Magka Despoina, Krötzsch Markus, Horrocks Ian
Department of Computer Science, University of Oxford, Oxford, UK.
Department of Computer Science, Technical University of Dresden, Dresden, Germany.
J Biomed Semantics. 2014 Apr 15;5:17. doi: 10.1186/2041-1480-5-17. eCollection 2014.

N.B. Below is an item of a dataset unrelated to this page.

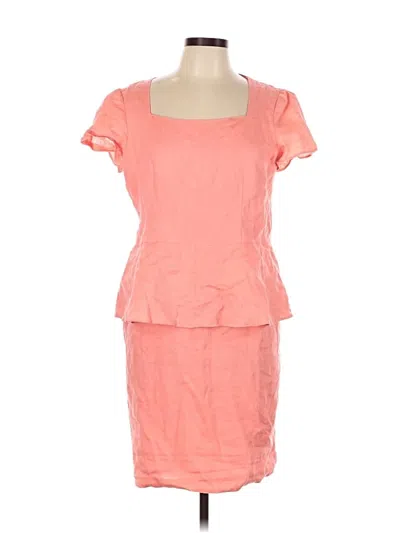 Pre-owned Lafayette 148 Cocktail Dress In Pink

A variety of key activities within life sciences research involves integrating and intelligently managing large amounts of biochemical information. Semantic technologies provide an intuitive way to organise and sift through these rapidly growing datasets via the design and maintenance of ontology-supported knowledge bases. To this end, OWL-a W3C standard declarative language- has been extensively used in the deployment of biochemical ontologies that can be conveniently organised using the classification facilities of OWL-based tools. One of the most established ontologies for the chemical domain is ChEBI, an open-access dictionary of molecular entities that supplies high quality annotation and taxonomical information for biologically relevant compounds. However, ChEBI is being manually expanded which hinders its potential to grow due to the limited availability of human resources.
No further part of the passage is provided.